[Caption-style text data]
---------------
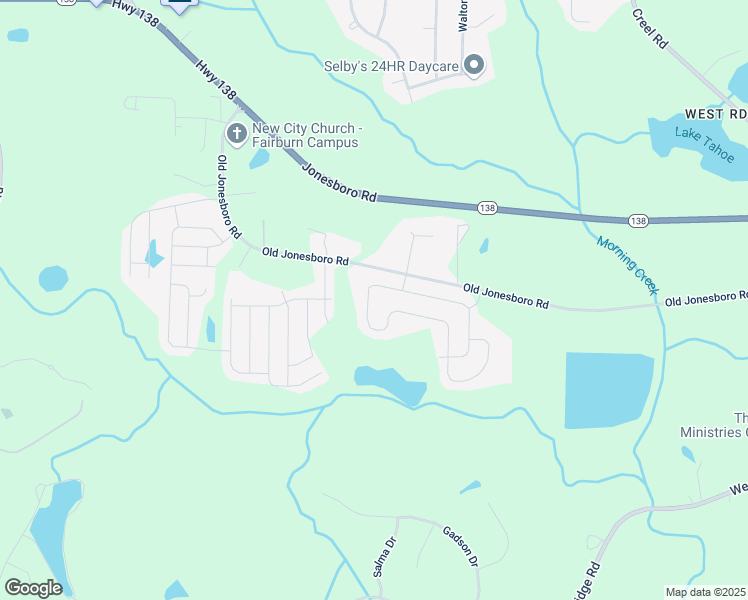 map of restaurants, bars, coffee shops, grocery stores, and more near 7434 Rudder Circle in Fairburn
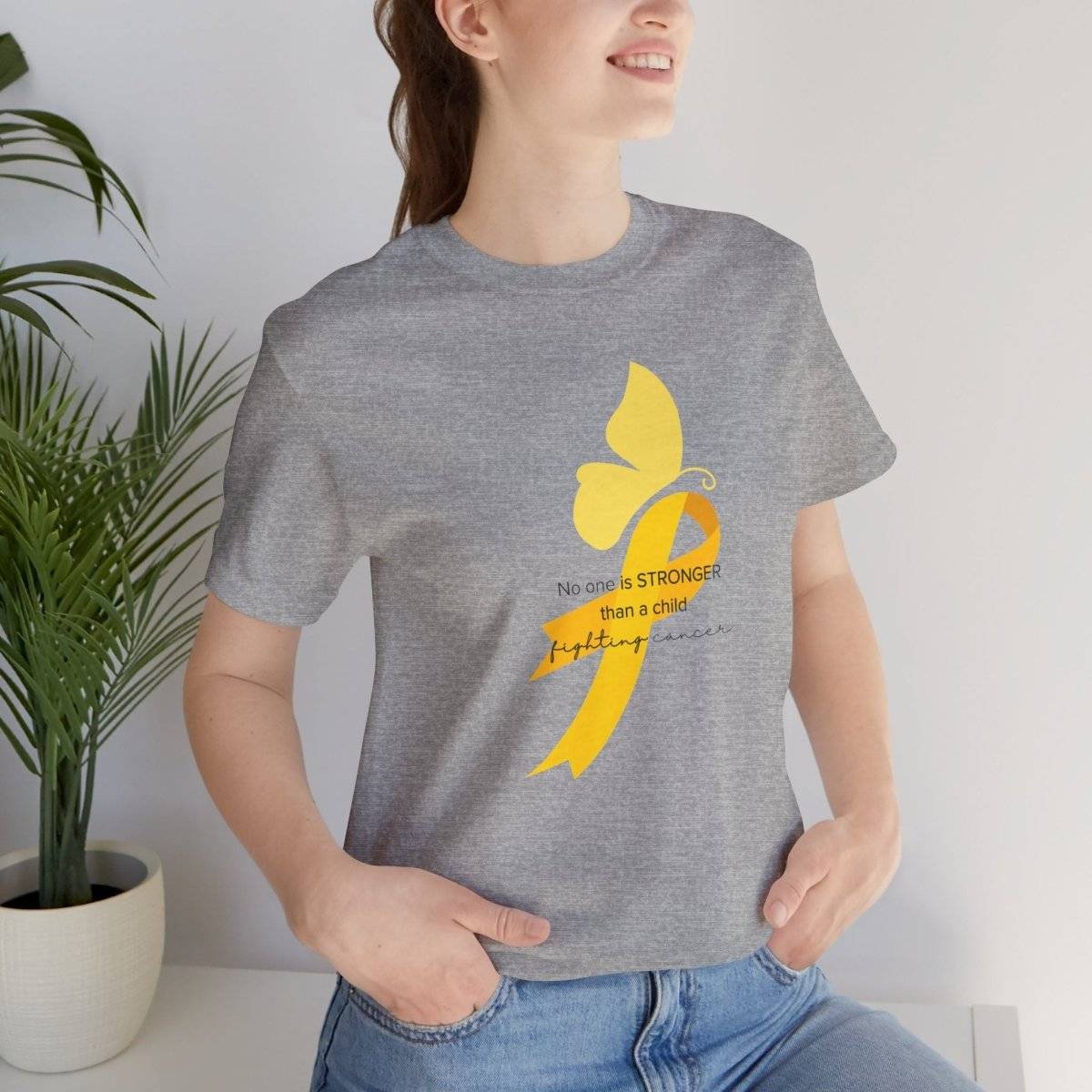 Childhood Cancer Awareness Sweet Butterfly Tee- T-Shirt Daffodil & Alder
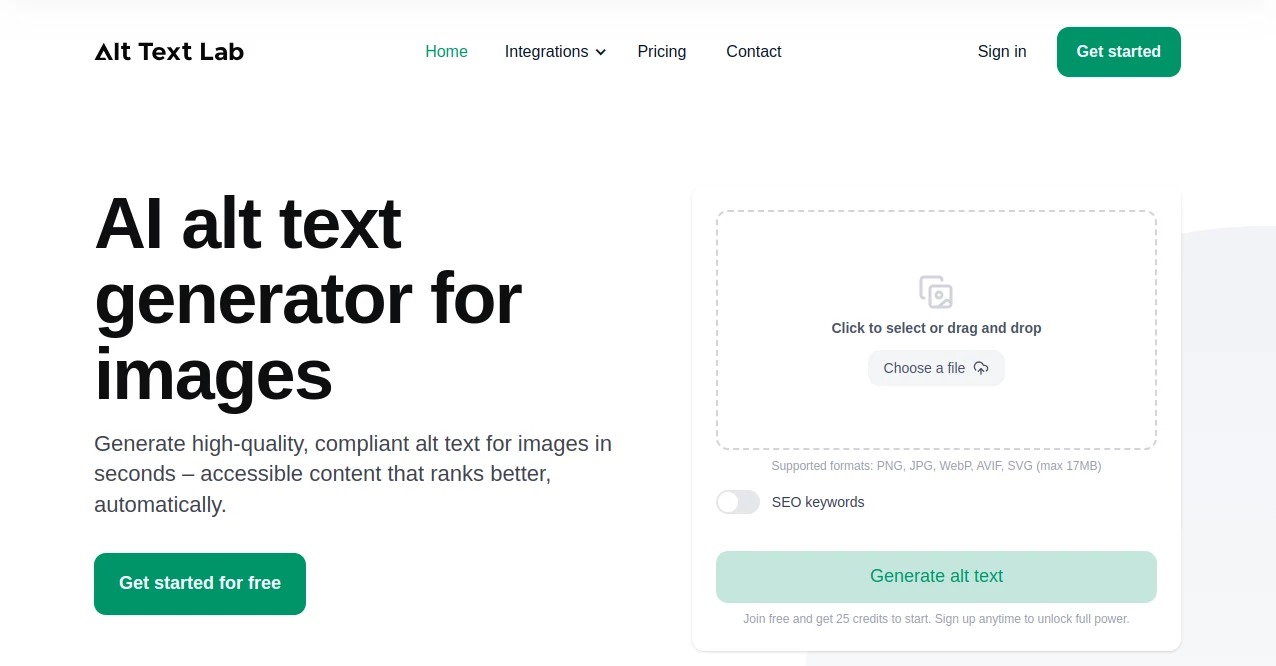 Screenshot of AltTextLab – An AI tool in the ,AI Content Generator ,AI Productivity Tools  category, showcasing its interface and key features.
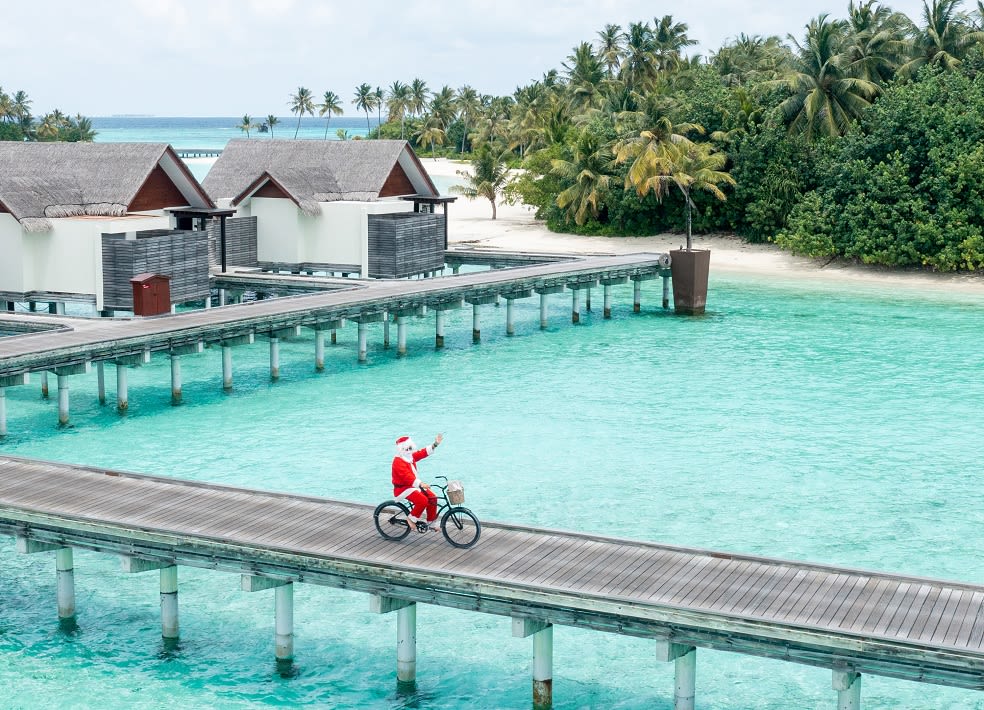 Niyama Private Islands Maldives Santa on Bicycle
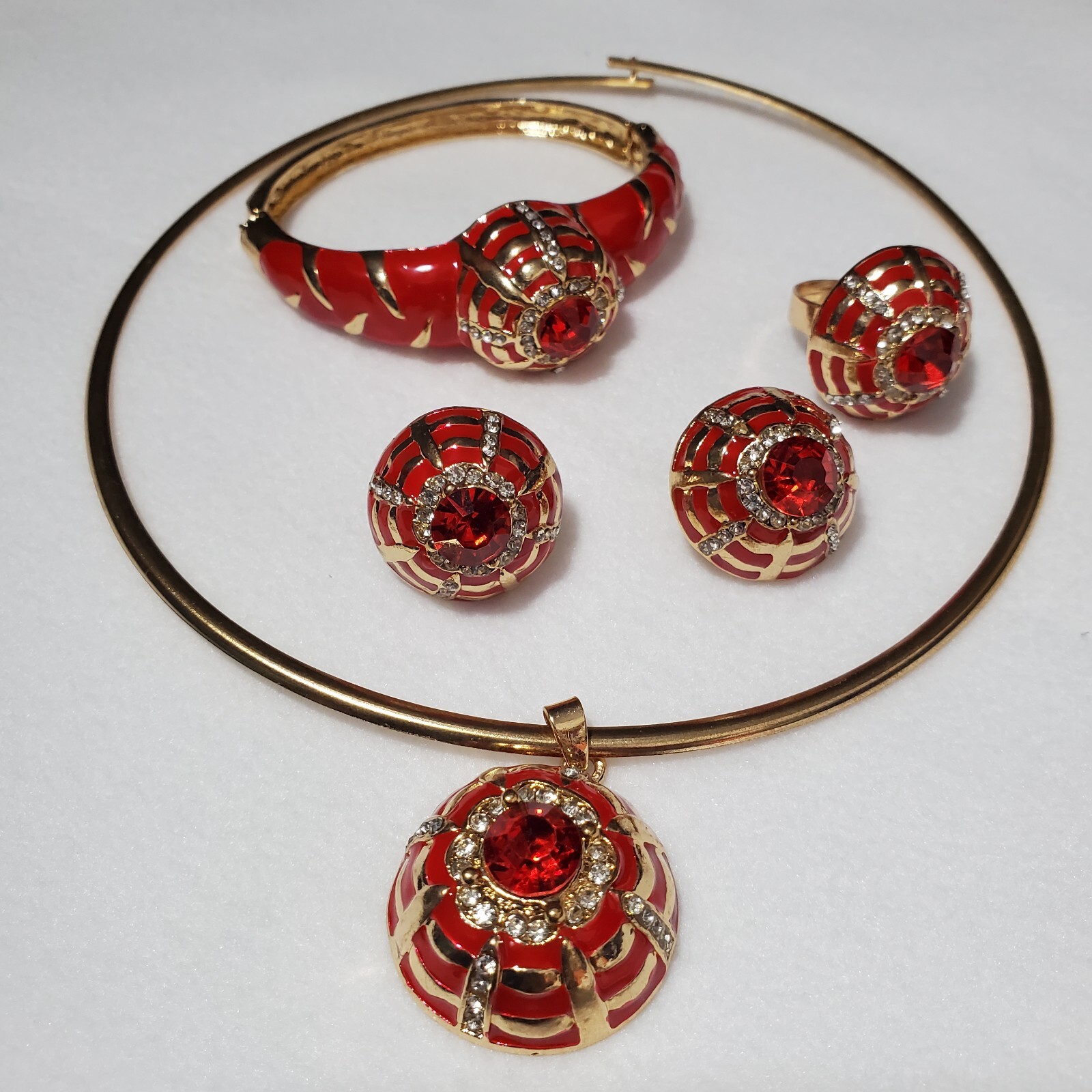 Red & Gold 4 Piece Choker Jewelry Set W/Yag Diamonds Glossy Elegant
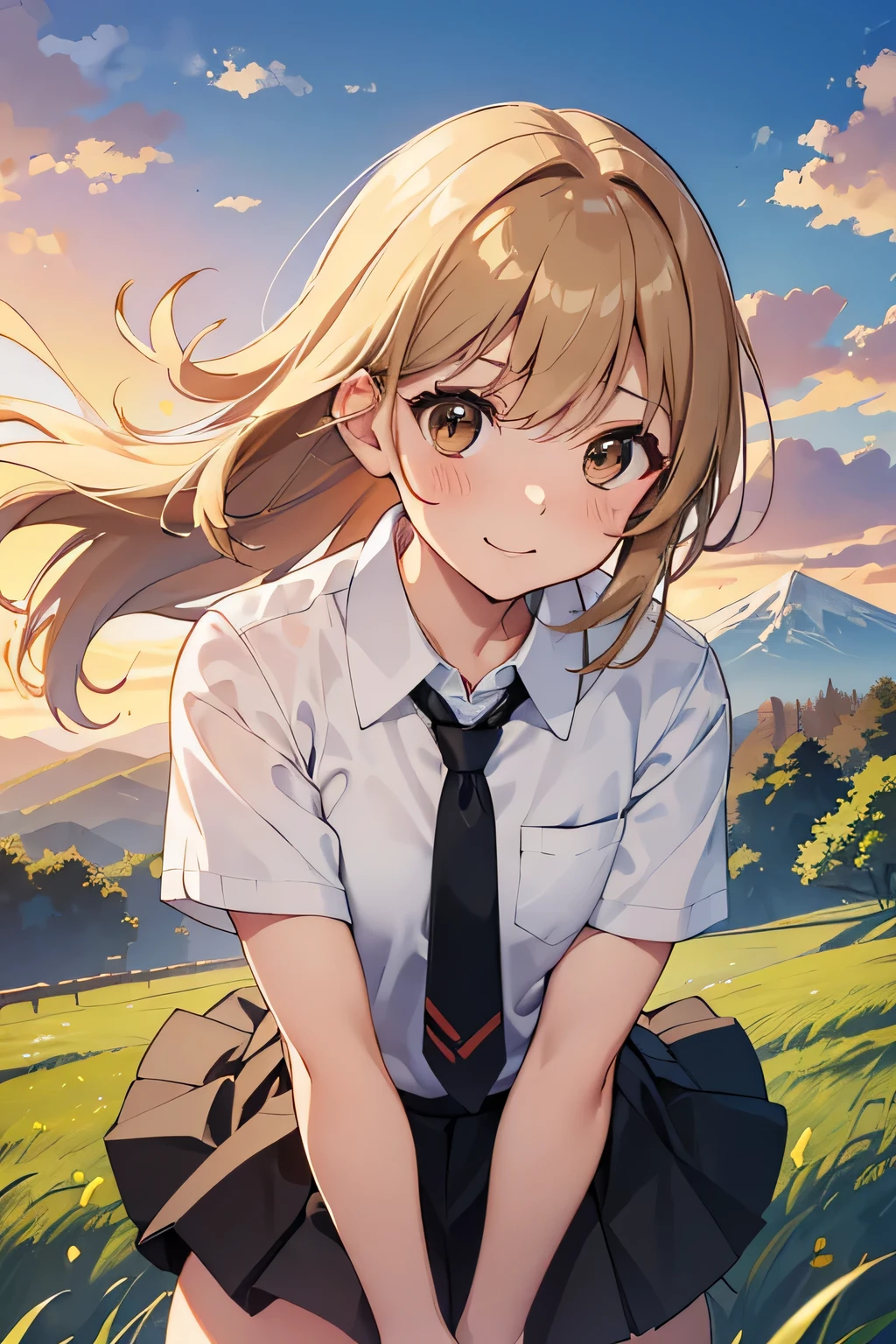 ,((Highest quality,4K, masterpiece:1.3)),((High Resolution)),((It's wonderful)),((Japan countryside:1.2)),((Japan countryside:1.2)),((Japan countryside:1.2)),((Japan countryside:1.2)),((Japanese mountain trails and rice terraces:1.2)),((Standing at the bus stop:1.2)),((Standing at the bus stop:1.2)),(Do not split frames),(Do not split),(Do not split),(sunset:1.2),(sunset:1.2),(sunset:1.2),(sunset:1.2),(One woman:1.8),(One woman:1.8),(One woman:1.8),((dutch angle shot:1.2)),((dutch angle shot:1.2)),((upper body shot:1.2)),((upper body shot:1.2)),((upper body shot:1.2)),((shoot from above:1.2)),((shoot from above:1.2)),((school uniform, short sleeve shirt:1.2)),((school uniform, short sleeve shirt:1.2)),((school uniform, short sleeve shirt:1.2)),((school uniform, short sleeve shirt:1.2)),(A tie blowing in the wind:1.4),(A tie blowing in the wind:1.4),(A tie blowing in the wind:1.4),((wavy mouth:1.4)),((wavy mouth:1.4)),((wavy mouth:1.4)),((pigeon toed:1.2)),((pigeon toed:1.2)),((pigeon toed:1.2)),((Bend your knees and stand with your legs together:1.2)),((Bend your knees and stand with your legs together:1.2)),((Bend your knees and stand with your legs together:1.2)),((Bend your knees and stand with your legs together:1.2)),((Bend your knees and stand with your legs together:1.2)),((Bend your knees and stand with your legs together:1.2)),((Hold down the hem of your skirt, which is about to be blown up by the wind:1.2)),((Hold down the hem of your skirt, which is about to be blown up by the wind:1.2)),((Hold down the hem of your skirt, which is about to be blown up by the wind:1.2)),((Hold down the hem of your skirt, which is about to be blown up by the wind:1.2)),((face focus:1.4)),((face focus:1.4)),((face focus:1.4)),((face focus:1.4)),(Shy laugh:1.2),(Shy laugh:1.2),(Shy laugh:1.2),(Shy laugh:1.2),(Panic look:1.2),(Panic look:1.2),(Hair blowing in the strong wind:1.2),(Hair blowing in the strong wind:1.2),(Hair blowing in the strong wind:1.2),(shoot from front),(shoot from front),(shoot from front),((Light brown eyes:1.2)),((Light brown eyes:1.2)),((Beautiful highlighted eyes)),((Light brown eyes:1.2)),((Light brown eyes:1.2)),((Light brown eyes:1.2)),((Beautiful highlighted eyes)),((Light brown eyes:1.2)),((Shiny black hair:1.4)),((Shiny black hair:1.4)),((Shiny black hair:1.4)),((Fluffy short bob:1.2)),((Fluffy short bob:1.2)),((Fluffy short bob:1.2)),((Fluffy short bob:1.2)),((Parted bangs)),((Parted bangs)),((Parted bangs)),(Beautiful breasts),(Beautiful breasts),Japanese women, 14 years old gravure photo, High Contrast, Aperture F3.2, Focal length 100mm, (((peace sign))),wakame, wakame, wakame, wakame, wakame, wakame, wakame, wakame, wakame, wakame, wakame, wakame, wakame, wakame, wakame, wakame, wakame, wakame, wakame, wakame, wakame, wakame, wakame, wakame, wakame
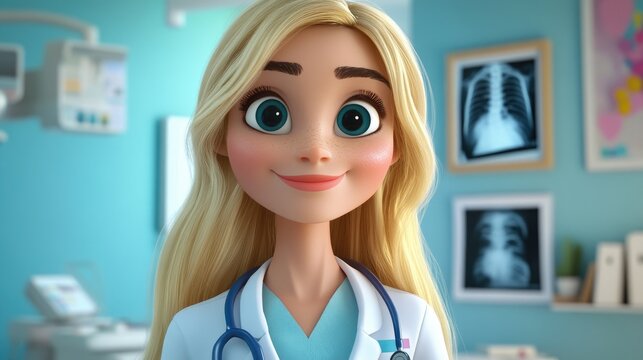 Young blonde doctor delivering a lecture on X ray analysis to interns in a medical office fostering learning in healthcare education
---------------
_Description of the task_:
Only the lines from the top of the records through the line with "Niyama Private Islands" belong in the copy; write them out exactly, leaving out pictures.

_Written reply_:
 map of restaurants, bars, coffee shops, grocery stores, and more near 7434 Rudder Circle in Fairburn
 Childhood Cancer Awareness Sweet Butterfly Tee- T-Shirt Daffodil & Alder
 Screenshot of AltTextLab – An AI tool in the ,AI Content Generator ,AI Productivity Tools  category, showcasing its interface and key features.
 Niyama Private Islands Maldives Santa on Bicycle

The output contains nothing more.